The French government and the European Union (EU) have announced their plan to allocate a total of €200 million ($216 million) to address the issue of wine surpluses in France. This move comes in response to falling demand and declining prices in the country’s wine industry, which has resulted in overproduction and an excess supply.
Agriculture Minister Marc Fesneau highlighted the objective of the financial investment, stating that it is aimed at preventing a collapse in prices and enabling wine-makers to generate revenue once again. Fesneau further emphasized the need for the entire industry to adapt to changing consumer preferences.
To deal with the surplus wine, there have been suggestions to sell the alcohol to companies that produce hand sanitizers, cleaning products, and perfume. This would provide an alternative use for the condemned wine and help mitigate the economic impact of the surplus.
The regions most affected by the wine surplus are the renowned Bordeaux area and the southwestern Languedoc region. These areas, known for their rich winemaking traditions, have suffered from the oversupply and the subsequent decrease in prices.
Earlier this month, Jean-Philippe Granier, a representative from the Languedoc wine producers’ association, expressed concerns about the excessive production and the sale price being lower than the production cost, resulting in financial losses for the industry.
In June, the French Agriculture Ministry announced its plan to allocate €57 million to support the destruction of around 9,500 hectares of vineyards in the Bordeaux region. Additionally, financial incentives have been provided to grape growers to encourage them to diversify their products and switch to other crops.
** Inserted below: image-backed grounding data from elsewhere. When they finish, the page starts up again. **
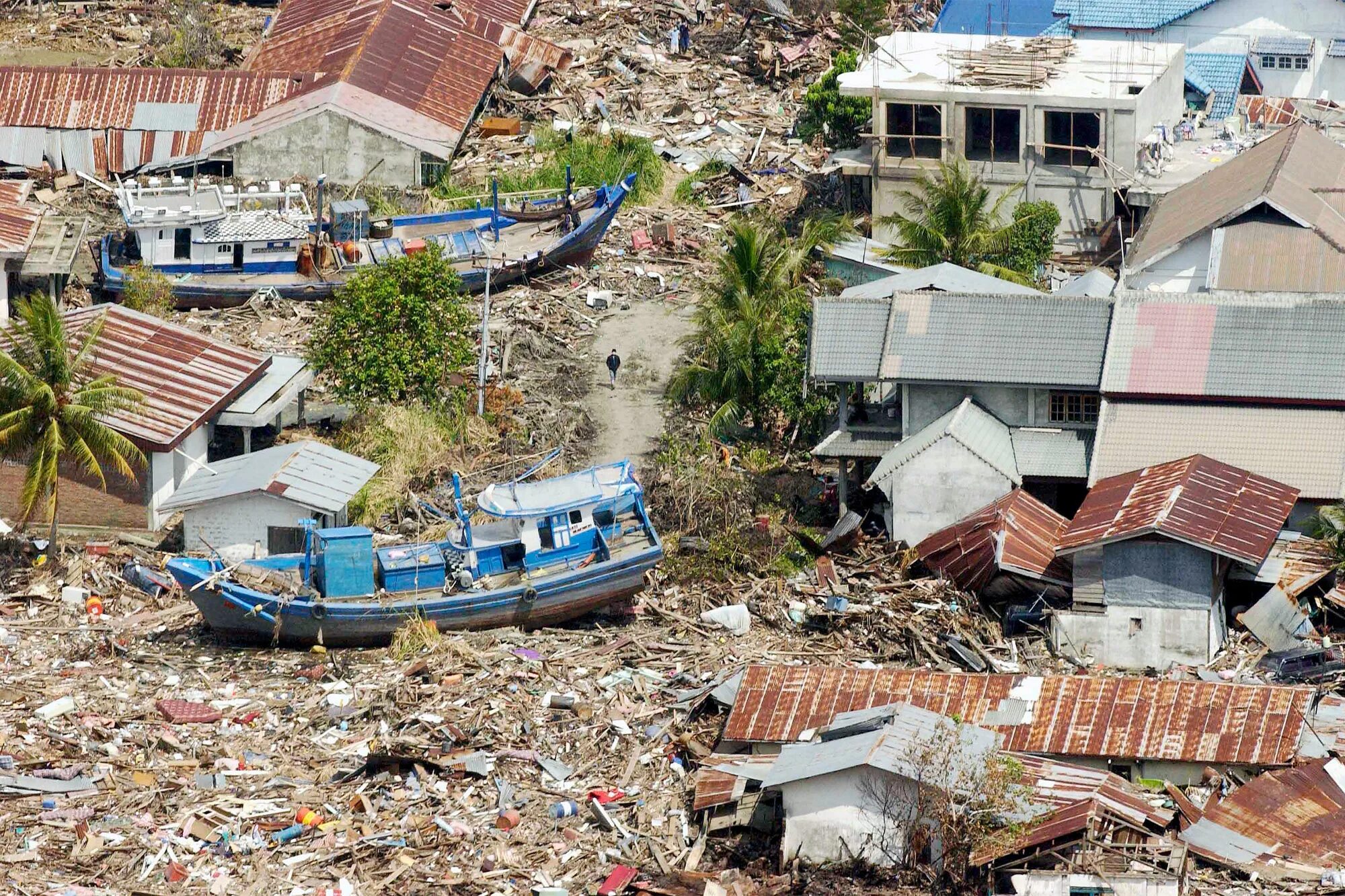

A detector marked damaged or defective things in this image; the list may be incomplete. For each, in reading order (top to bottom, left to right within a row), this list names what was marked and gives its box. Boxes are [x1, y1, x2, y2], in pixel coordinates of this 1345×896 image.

broken roof panel [54, 305, 269, 452]
broken roof panel [915, 487, 1071, 592]
broken roof panel [1054, 457, 1297, 562]
broken roof panel [721, 667, 1307, 764]
broken roof panel [1184, 758, 1345, 882]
The surplus in the wine industry can be attributed to a combination of high inflation and a strong harvest in 2022, which led to a decrease in wine consumption. According to data from the European Commission, wine consumption fell by 7% in Italy, 10% in Spain, 15% in France, 22% in Germany, and 34% in Portugal. The decline in wine consumption has also resulted in a decrease in the bloc’s wine exports between January and April 2023, with a decline of 8.5% compared to the same period in the previous year.
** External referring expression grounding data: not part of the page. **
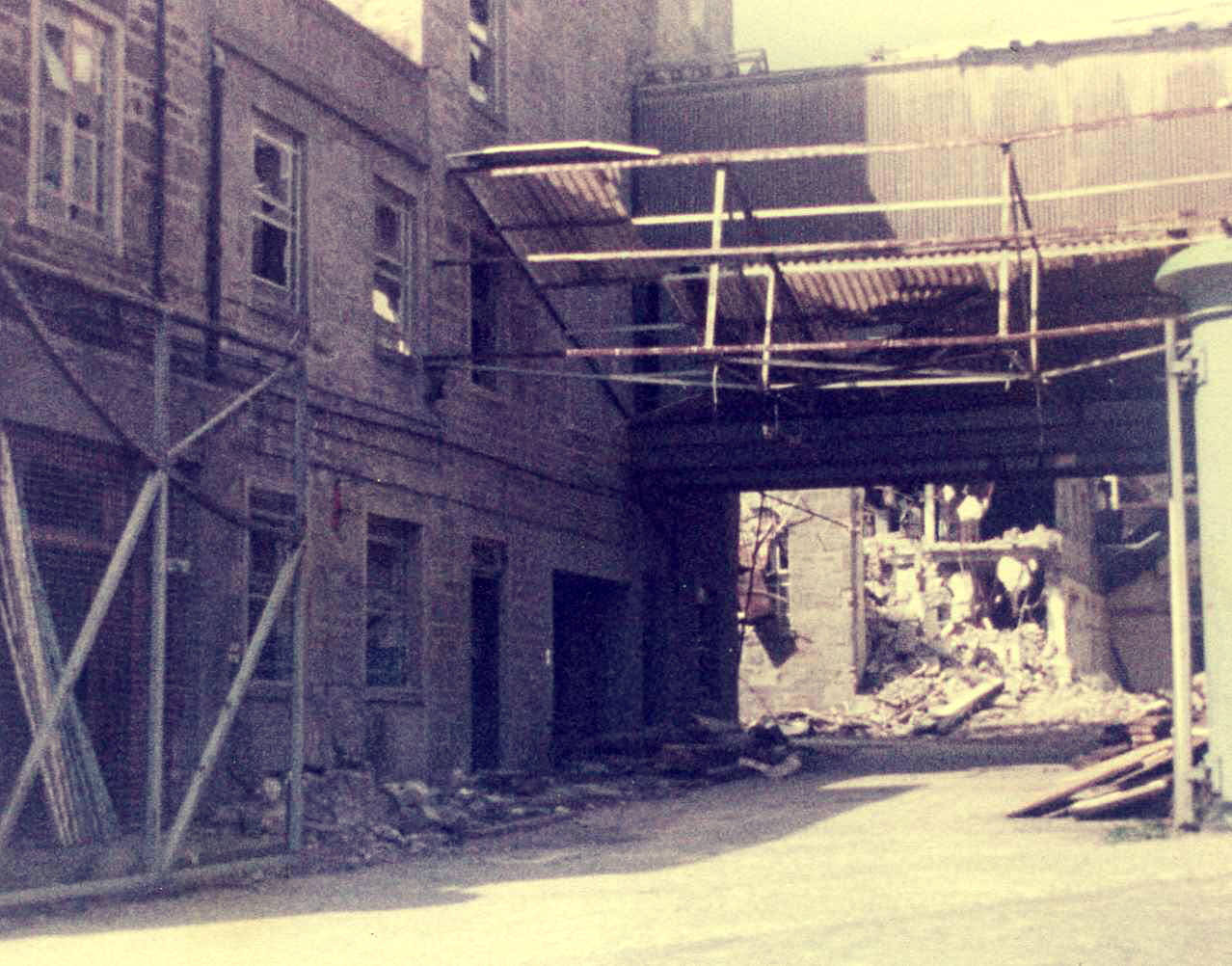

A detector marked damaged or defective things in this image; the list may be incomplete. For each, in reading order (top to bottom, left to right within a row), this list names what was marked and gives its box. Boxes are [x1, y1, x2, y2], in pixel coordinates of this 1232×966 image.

broken window [33, 4, 115, 235]
broken window [466, 0, 495, 105]
broken window [247, 122, 300, 299]
broken window [371, 179, 415, 355]
broken window [468, 232, 502, 389]
broken window [245, 490, 295, 680]
broken window [362, 517, 421, 689]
In conclusion, the French government and the EU have approved a significant financial investment to address the issue of wine surpluses in France. The aim of this investment is to prevent the collapse of wine prices and enable wine-makers to regain sources of revenue. The surplus wine could potentially be sold to industries that produce hand sanitizers, cleaning products, and perfume. The regions most affected by the surplus are Bordeaux and Languedoc. The surplus is a result of falling demand, overproduction, and declining prices in the wine industry. Measures such as financial incentives and vineyard destruction have been implemented to mitigate the impact of the surplus.